The bill, An Act Relative to the Just Cause Eviction of Elderly Lessees, was sponsored by Rep. Adrian Madaro (D-East Boston) and would prohibit no-fault eviction of people over 75 years of age, limiting rent increases to five percent per year to prevent landlords from using large rent increases to get around just cause protections.
Eviction would only be permitted for good cause such as, for example, failure to pay rent, damage to the property, use of the premises for illegal activities. Over the last six months, the housing team at the City’s Age Strong Commission has advocated for residents in 10 active court cases involving older Boston residents.
“H. 3373 would allow municipalities to protect our most vulnerable elderly residents from unfair evictions. Boston’s Age Strong Commission answers several calls each week from distraught seniors facing eviction-with an increasing number from seniors over the age of 75,” said Walsh. “These seniors call us because they have nowhere else to turn, and nowhere else to live. In one case, a 77-year-old man has lived in his home in the Fenway for over 40 years, but this summer received notice to quit, with no cause given. In another, an 88-year-old lives in a building that was sold, and the new landlord wants a big rent increase that he can’t possibly afford. This treatment is not acceptable for seniors who spent their lives here and helped build our communities.”
Our legislation would provide tenants over the age of 75 with “just cause” protection. This term simply means that landlords must provide a legitimate reason for eviction, such as failure to pay rent, damage to the property, or illegal activity. Landlords could still raise rents each year by as much as five percent. And the bill exempts properties with five or fewer units-because we know that some small property owners are renting at below-market rents to long-term elderly tenants. We want to protect those arrangements and we want to protect our most vulnerable seniors.

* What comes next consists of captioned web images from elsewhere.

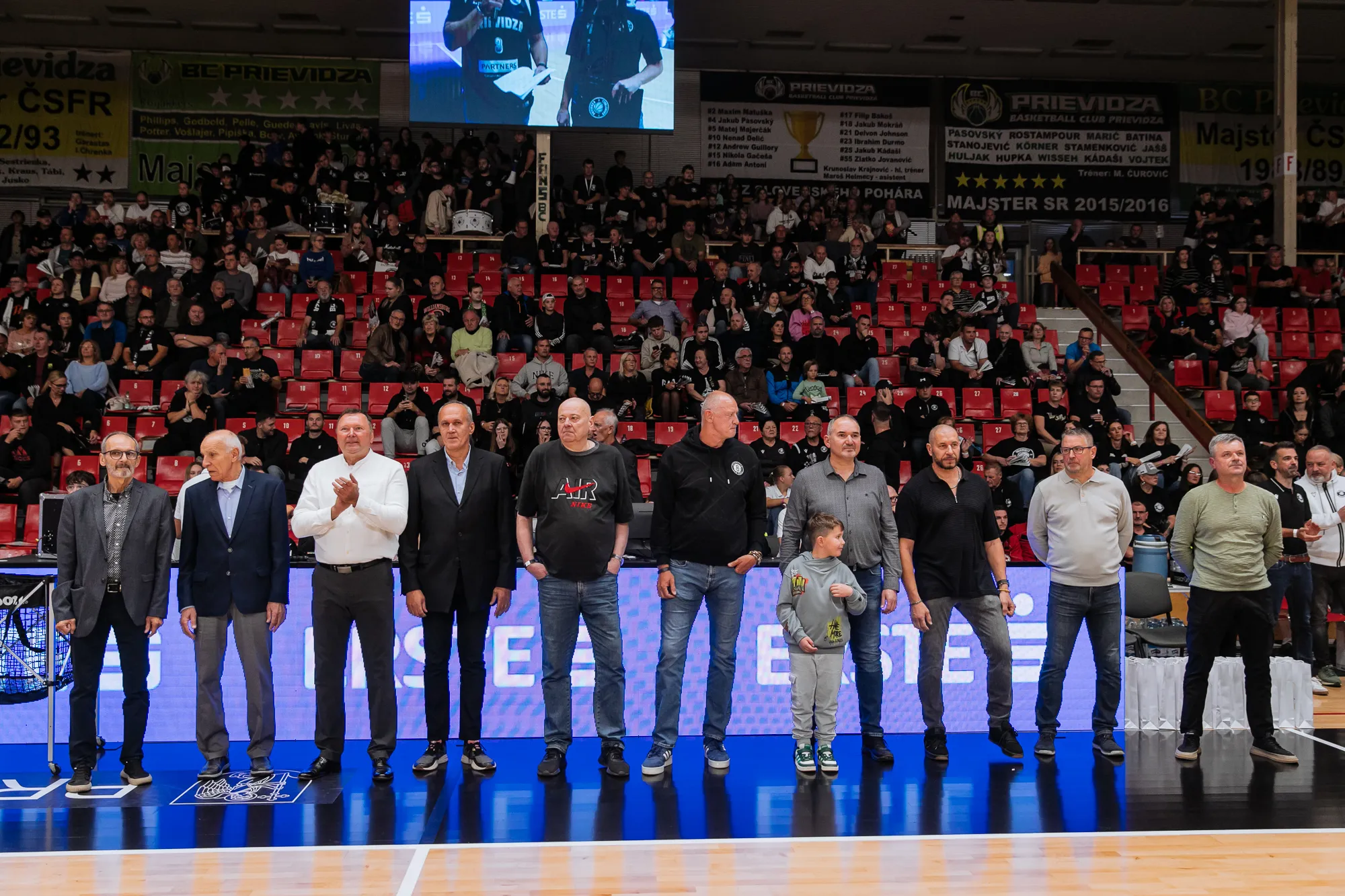 Ocenili sme legendy pri príležitosti 30. výročia majstrovského titulu 6 cibona 13720251005175351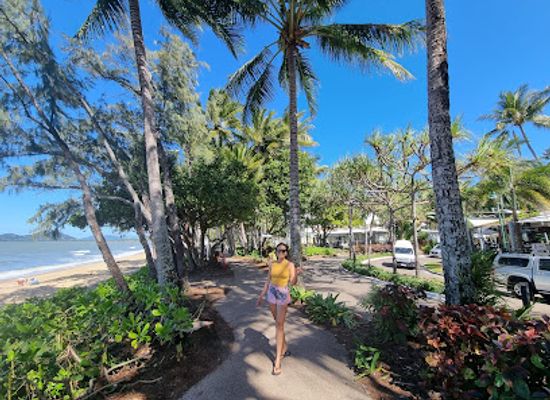australia/cairns/palm-cove/attraction/palm-cove-beach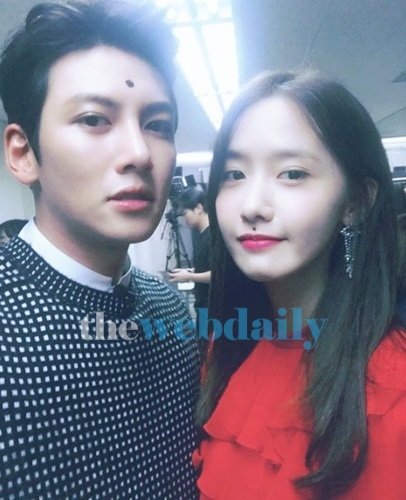 윤아와 함께 다소 코믹 샷...지창욱, 사슴같은 눈망울 돋보여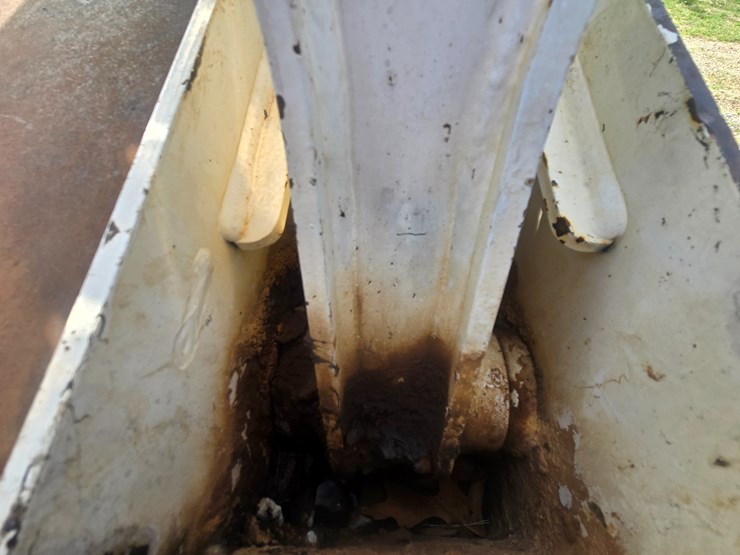 2010-bobcat-t650-image-89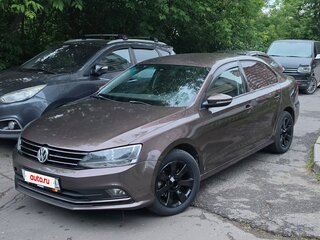 2015 Volkswagen Jetta VI Рестайлинг, коричневый, 725000 рублей, вид 1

“These bills rank among the highest priorities for the City of Boston this legislative session. They advance our commitment to being a city where everyone has access to a stable and secure home-regardless of income, age, or family situation,” said Mayor Walsh in his testimony. “They reflect our belief that a successful city must be a caring community, where nobody is left behind or forced to leave.”
Rep. Madaro said he was, “Was proud to testify alongside Mayor Marty Walsh Tuesday in support of H. 3373, a bill I filed to require just cause eviction for seniors living in multi-unit buildings. Elderly tenants are some of the most vulnerable members of our communities when it comes to displacement and eviction. We should be caring for our seniors, not putting them out on the streets. I’m proud to partner with Mayor Walsh to offer this bill and spark the discussion about keeping our longtime residents in their homes.”
The Mayor also offered testimony on another bill that would ensure the right to counsel in eviction proceedings.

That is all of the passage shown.